If this was intended to reassure me, it did not do the job. What Cory Gardner is asking me and everyone over 55 to do is to be selfish, and not think of the coming generations that include our children, nieces, nephews and grandkids..
Working for the next generation is one of the ideas that made this country what it is. Those who fought in World War II did so to rid the world of a maniac and make the world a safer place. There are many such examples.
Asking us to be selfish does not seem like a good idea. Reducing the benefits of the coming generations benefits no one, except the rich who are not paying their fair share of taxes. In a recession, cash flow needs to be increased. The middle class will not be in a position to pull this country out of the recession until it is allowed to flourish. We need jobs and money to survive. All of us.
Cory Gardner’s actions do nothing to alleviate the problem. They are the actions of a young man who is following the corporate agenda. Either he is unable to resist the siren call of the corporate dollar or he is following that agenda without thought.
Rep. Cory Gardner has stated clearly, “I want to see spending cuts.” I wish Rep. Gardner would think about where these spending cuts are coming from. Education? Do we care about the classroom size of our children? Infrastructure? Are we planning to repair our own roads and bridges? Environment? Clean water to drink anyone? The social safety net did not get us into this fiscal house of horrors. It was wars that weren’t included in the budget and unbridled greed.

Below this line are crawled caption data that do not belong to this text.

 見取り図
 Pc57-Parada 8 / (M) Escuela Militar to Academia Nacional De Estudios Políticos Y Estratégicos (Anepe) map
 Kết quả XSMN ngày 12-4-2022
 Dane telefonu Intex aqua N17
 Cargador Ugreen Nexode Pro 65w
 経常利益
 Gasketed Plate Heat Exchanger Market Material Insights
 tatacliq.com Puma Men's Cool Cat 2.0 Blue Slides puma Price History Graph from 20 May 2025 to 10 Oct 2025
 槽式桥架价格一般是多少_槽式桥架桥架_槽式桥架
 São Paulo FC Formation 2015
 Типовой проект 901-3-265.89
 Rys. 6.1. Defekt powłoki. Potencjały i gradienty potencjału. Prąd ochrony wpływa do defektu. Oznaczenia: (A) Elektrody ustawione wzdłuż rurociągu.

Cuts come from real people and real programs that were designed to protect citizens. Plus arguments about spending cuts aren’t adding up. Historically, cutting spending during recessionary times just makes the economy worse. (See 1937). Economists in both political parties are saying that what needs to happen is job creation, which requires spending not cutting. Once our economy is more stable reasonable cuts can and should be debated. Maintaining a rigid position in the face of contrary information is not smart. Please, Rep. Gardner, read up on economics 101. Draconian cuts now will not create jobs or put our country back on track. We need a representative who will work for the good of all the citizens in the 4th Congressional District.
Cory Gardner, anti-environment
To the delight of American industrialists and their friends in the GOP, freshman U.S. Rep. Cory Gardner (CO-District 4) appears determined to erode as much of the regulatory authority of the U.S. Environmental Protection Agency as he is able.
The EPA was born during the term of Richard Nixon, based on a 1970 memorandum of the President’s Advisory Council on Executive Organization, “Federal Organization for Environmental Protection.” If the GOP was aware of the need for federal regulations on polluting industries in 1970, how much more are those regulations necessary in our resource-depleting and waste-generating consumerist culture of 2011?
The memorandum recognized that “The economic progress which we have come to expect, or even demand, has almost invariably been at some cost to the environment.” It states that “Some means must be found by which our economic and social aspirations are balanced against the finite capacity of the environment to absorb society’s wastes.”
Before Mr. Gardner goes too far in his personal tirade against the EPA, I suggest that he, and the GOP leadership, should learn what was recognized in 1970 regarding the “finite capacity of the environment to absorb society’s wastes.” His zeal against environmental regulations is not only misguided and misinformed, it is downright dangerous.